Diane Weyermann was a film executive who died at the age of 66. The cause of her death was lung cancer. The Netflix show Keep Sweet: Pray and Obey, which tells the frightening story of life in the Fundamentalist Church of Jesus Christ of Latter-Day Saints, or FLDS, paid tribute to her after her death. Go through the article to learn more about Diane and her cause of death.
Keep Sweet: Pray and Obey is a Netflix documentary that tells the frightening story of life in the Fundamentalist Church of Jesus Christ of Latter-Day Saints, or FLDS, church. Warren Jeffs, a man who claimed to be the Prophet, staged marriages sometimes to relatives and child rape, according to former church members.
Members of this group believed that having numerous wives was something Christ preferred because it meant having more children, and the more children you had, the higher your status in heaven.
As viewers have certainly seen, Diane Weyermann is the star of the entire docuseries. She died last year before the show premiered. But who exactly is Diane Weyermann, and what was her cause of death?

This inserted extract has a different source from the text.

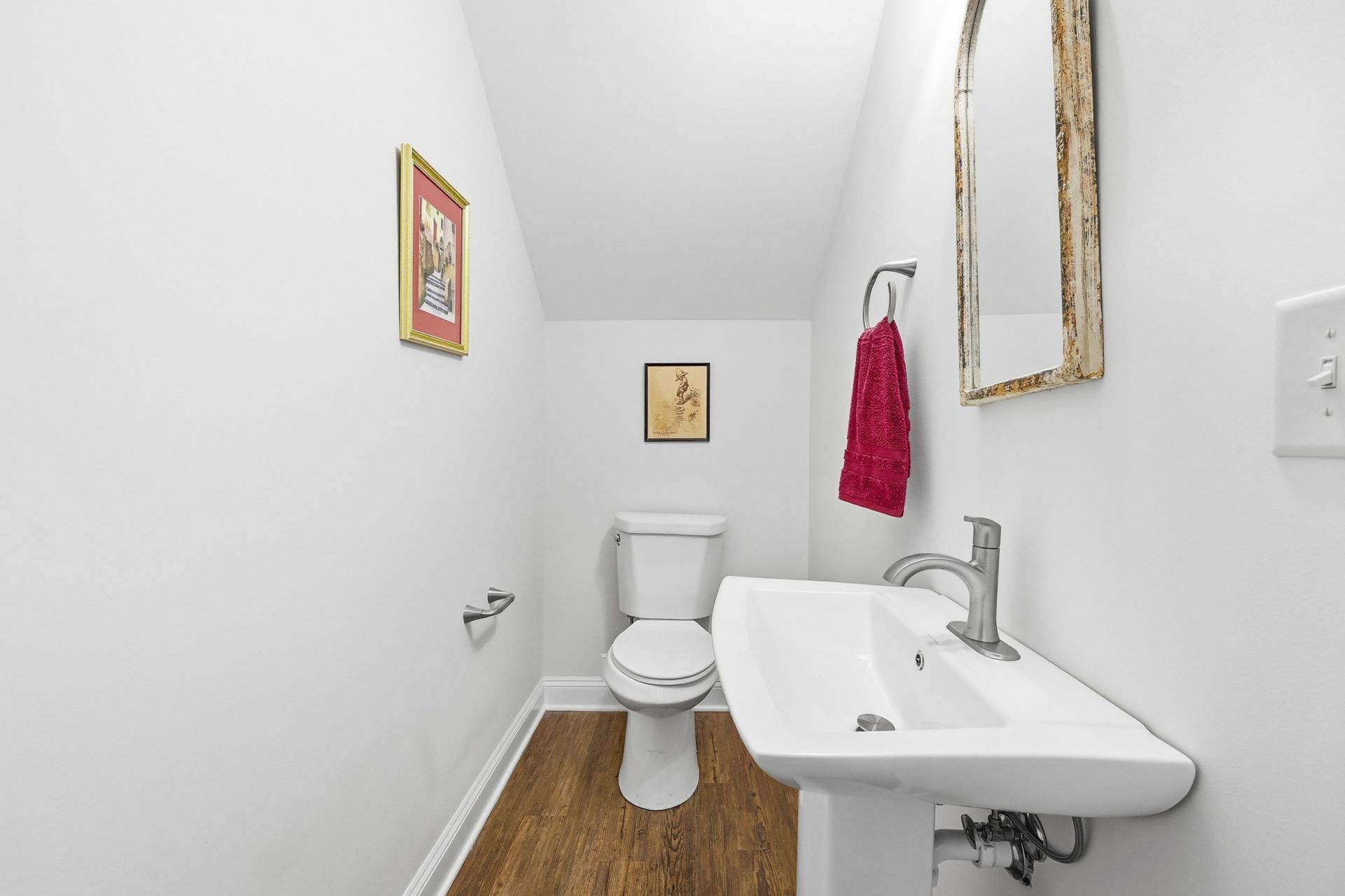 1109 Duke St. Photo 8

So far, here’s everything you need to know!
Previously, we touched on Rodney Holm.
Diane Weyermann’s Cause of Death: Netflix Show ‘Keep Sweet; Pray and Obey’ Tributed Her After Her Death Due to Lung Cancer!
Diane Weyermann was born in St. Louis, Missouri, in September 1955. She earned her law degree from Saint Louis University School of Law after graduating from George Washington University in Washington, DC, in 1977, and worked as a legal assistant lawyer for a few years. She enrolled in film school in Illinois and received her MFA in cinema and video in 1992. She was named the director of George Soros’ Open Society Institute’s Arts and Culture Program after working on a documentary and filming a short film.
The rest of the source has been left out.